In my session at LSA19, I offered an overview of the functionality available in the Google My Business (GMB) API, and described some of the benefits we’ve seen at Brandify in using the API to serve multi-location brand clients.

The GMB API represents, in many ways, the culmination of a history that began in 2005 with the launch of Google Maps and the Local Business Center, Google’s first attempt to make free tools available to businesses to manage listing information. In the years since that initial launch, Google has iterated through several changes to its local offerings, sometimes introducing improvements, sometimes causing confusion among local businesses and those companies who tried to help them navigate Google’s requirements.

One consistent theme during the first ten years of this era was a reluctance on Google’s part to acknowledge the legitimacy of local search companies.

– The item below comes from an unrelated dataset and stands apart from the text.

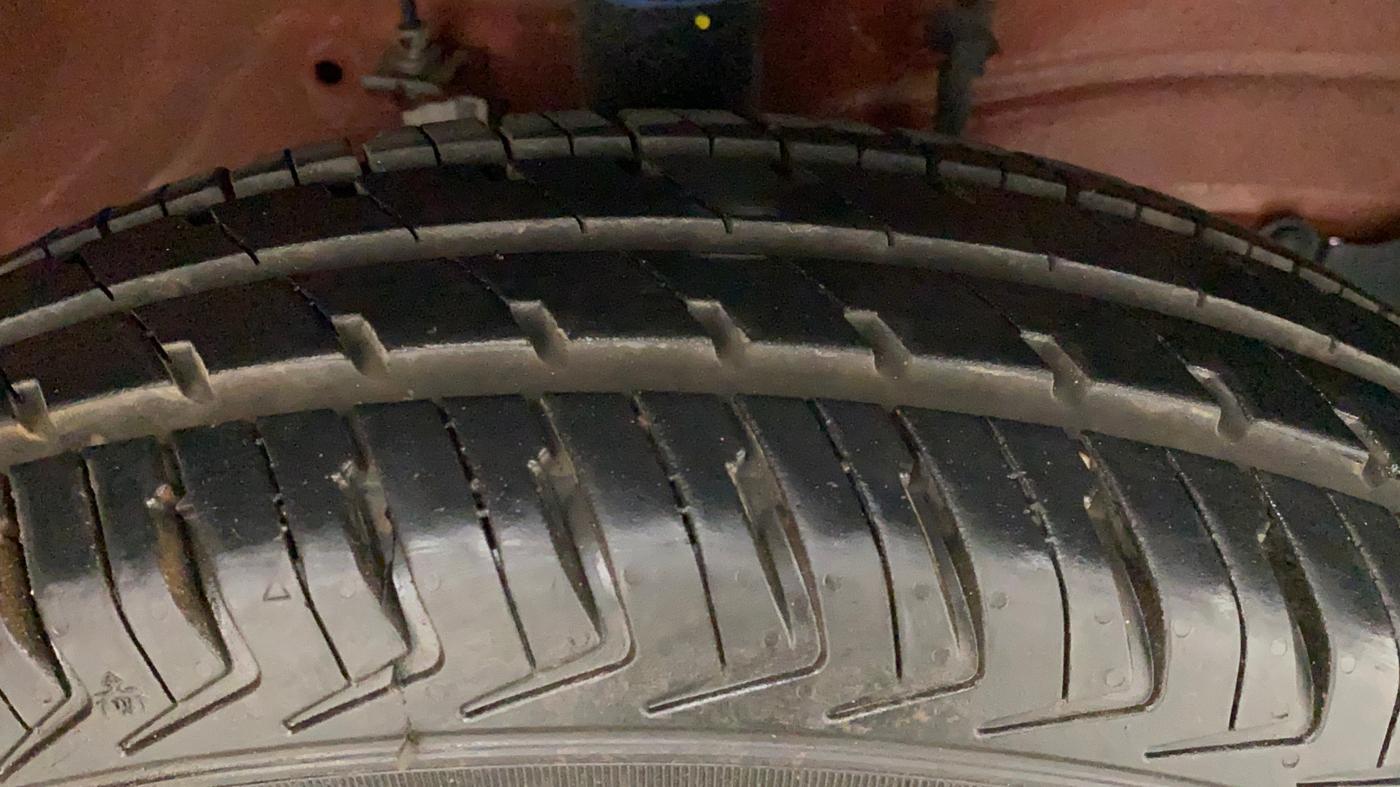 2023 Maruti Alto K10 VXI PLUS, Petrol, Manual, 2,568 km, Right Front Tyre Tread
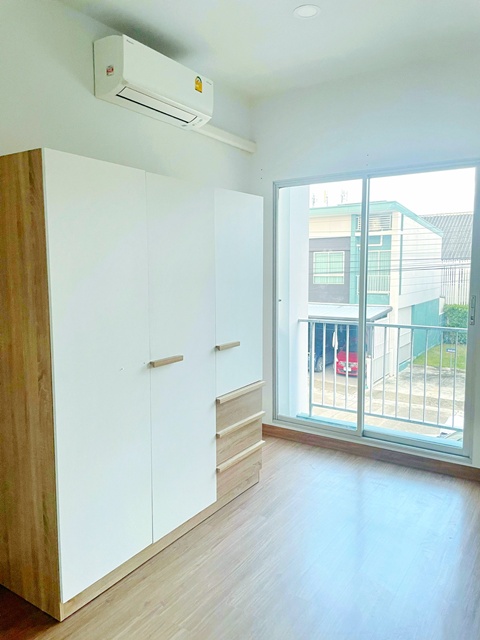 ประกาศฟรี! ซื้อ-ขาย-เช่า คอนโด บ้าน ทาวน์โฮม ที่ดิน และพื้นที่เชิงพาณิชย์ทั่วประเทศไทย ทุกทำเล ทุกงบประมาณ ไม่มีค่าใช้จ่าย ลงง่าย ขายไว เข้าถึงผู้ซื้อโดยตรง 5 255794pic4.jpg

Google’s view appeared to be that businesses should be able to use the company’s free tools to manage listings by themselves. But as Google began to realize the strategic advantage of taking full ownership over its local data, it increasingly saw local businesses and the companies who served them as allies.

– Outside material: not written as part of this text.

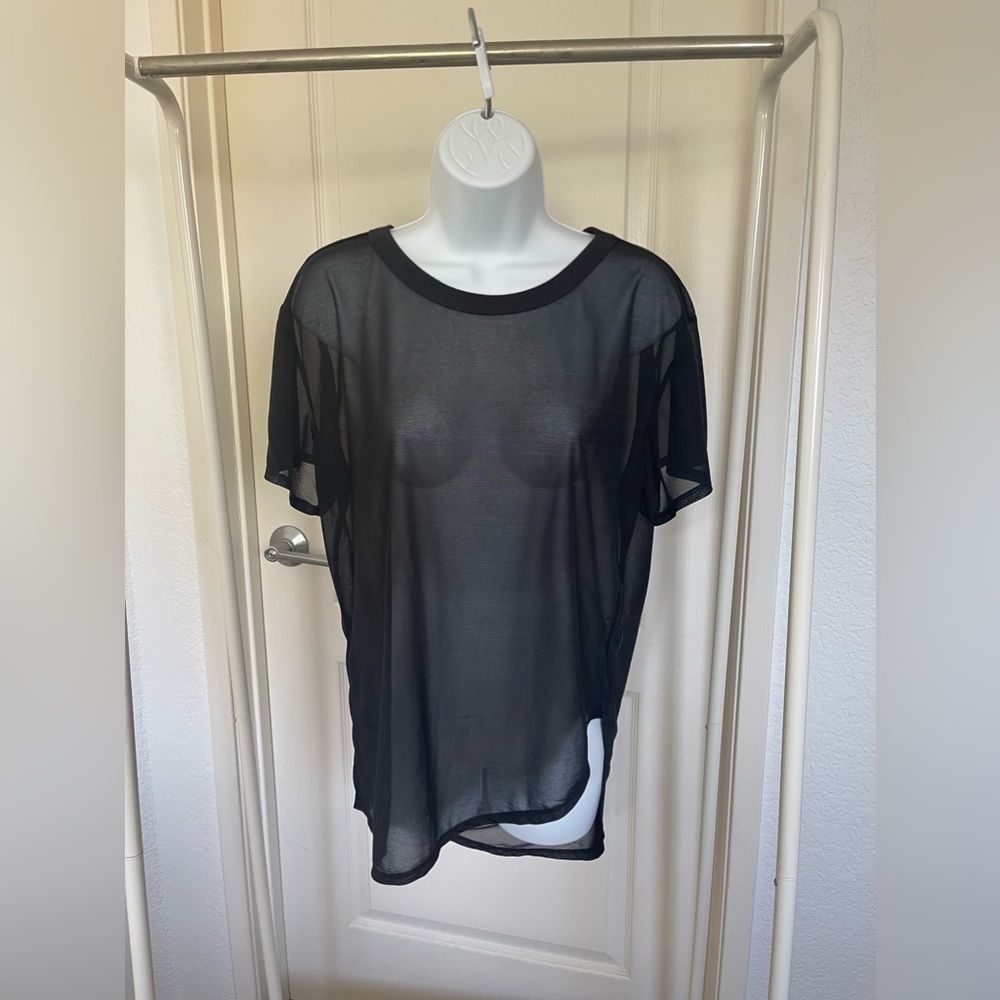 RVCA black sheer shirt size XS-SMALL preowned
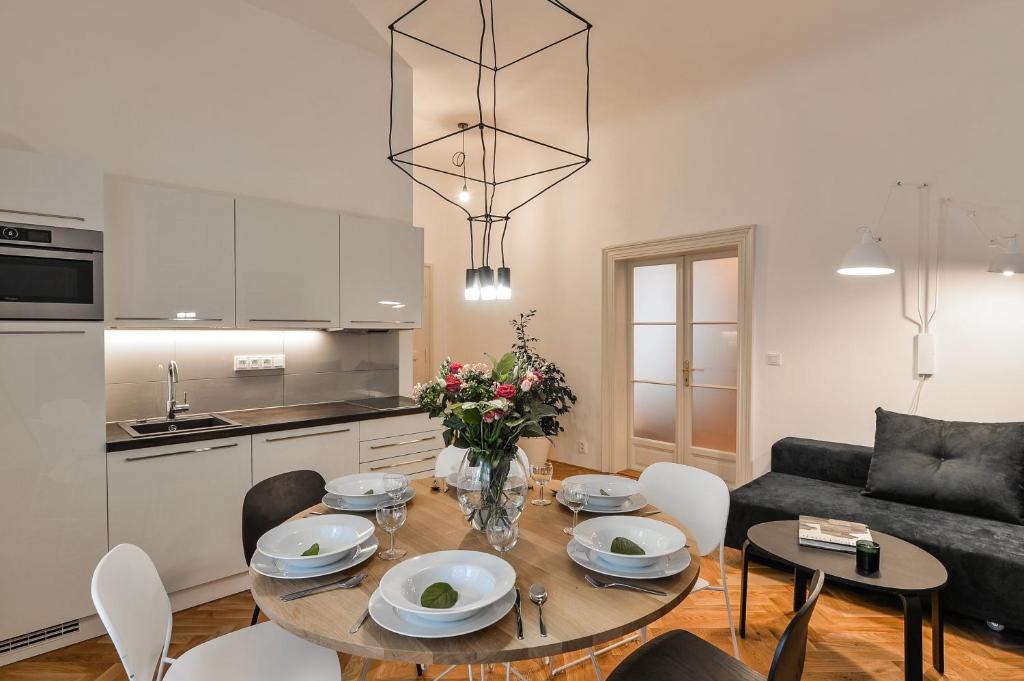 Lazenska N4 Residence - Two-Bedroom Apartment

Google’s launch of the GMB API in late 2015 represented a major acknowledgment of the important role local search companies had come to play in its data ecosystem. In the years since, Google has released multiple updates to the API, each one adding to the functionality available. As of today, businesses using the GMB API can recreate many of the features in the Google My Business dashboard, making it possible to offer SMBs and multi-location brands a much more seamless and scalable offering.

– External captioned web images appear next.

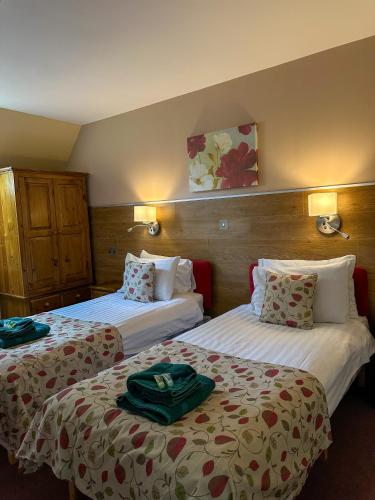 2 twin beds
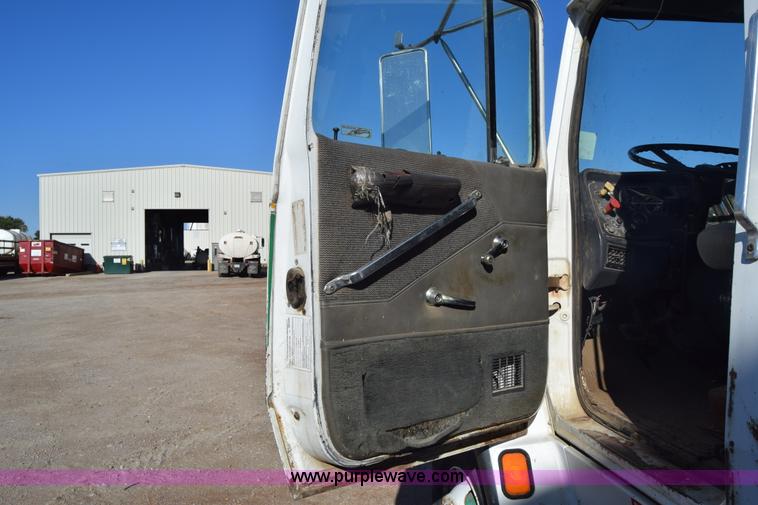 image for item J7088 1992 Ford LA9000 AeroMax 106 truck cab and chassis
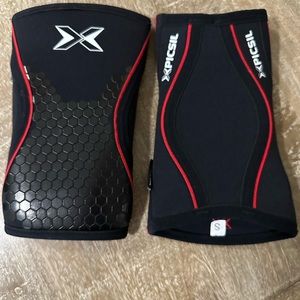 Picsil 7mm knee sleeves size S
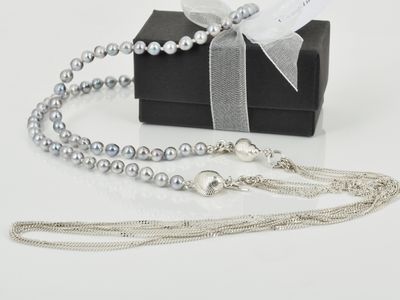 Long necklace of Silver/blue Akoya pearls and fine silver chain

At Brandify, the primary benefit of the API has been an enormous gain in efficiency. We are now able to update listings transactionally, only changing what needs to be changed, and we can do so in real time as those changes come in from our brand clients.

In addition, many features such as review response and monitoring for Google user suggestions can be done at a much higher degree of responsiveness with the aid of automation. All of this ultimately benefits consumers, since the speed and efficiency of the API lets us act quickly to update data such as holiday hours in a timely fashion, and to respond quickly in urgent circumstances, such as when business closures are necessitated by a natural disaster.

To be sure, the API hasn’t quite reached full feature parity with the GMB dashboard and mobile app. For our brand clients, the biggest sticking point currently is that the API does not allow Posts to be created for accounts with 10 or more locations. This limitation was imposed, according to our Google contacts, in order to try to ensure that Post content would be unique to each business location. But we expect that in the near future the restriction will be lifted, at which point our ability to create Post content at scale will be greatly improved.

At the same time, the API offers some exclusive features that cannot be accessed through the dashboard or mobile app. For brand clients, we’re especially pleased to see that Google now allows us to associate specific locations with the chains to which they belong, and that the new Recommended Google Locations feature gives us the ability to detect any stray chain and franchise locations that should have been claimed but were not detected by standard processes.

Google gathers local data through its own activities, such as Street View, and actively solicits contributions from Local Guides and Android users. But Google relies on business owners as a critical source of information as well. Ideally, local businesses and the companies who serve them, as long as they don’t exploit the system, should be Google’s primary source for local business data. The API helps, perhaps more than any previous Google product, to make this possible.